Friday, July 29, 2011

In Rob Ford’s Toronto, less will be more

Christopher Hume, Opinion, The Toronto Star:

Suddenly it seems the future has arrived in Toronto. And for the first time in our history, perhaps, it doesn’t look better than the past. Indeed, it looks a whole lot worse.

All that remains for us is to carve up the remains of the city, now revealed to be a luxury we can’t afford. Turns out that the whole idea of Toronto the Livable City, the City That Works, was more than we could afford. We just didn’t know it until Rob Ford came along.

Why, in poor little old Hogtown, we can’t pay to remove the snow and keep the libraries open; it’s one or the other. All these years, we’ve been living a fantasy, actually daring to believe we could be an international city.

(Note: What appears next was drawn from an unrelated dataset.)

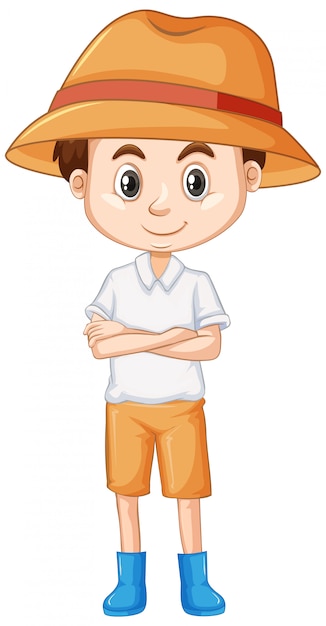 Free vector cute boy wearing hat and boots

And so the future has arrived; next year is this year. Thank you, Mr. Mayor, an anxious citizenry looks to you to lead the city out of this mess of its own making. Thank you, also, for reminding us that we must pay for what we have and that everything costs money.

As you said, “our city has spent more than it brings in.” Though some might take that as a cue taxes should go up, or that the country should rethink how public funds are distributed among the different levels of government, you have the foresight to decide — and even before the facts are in — that it’s better to cut than to grow.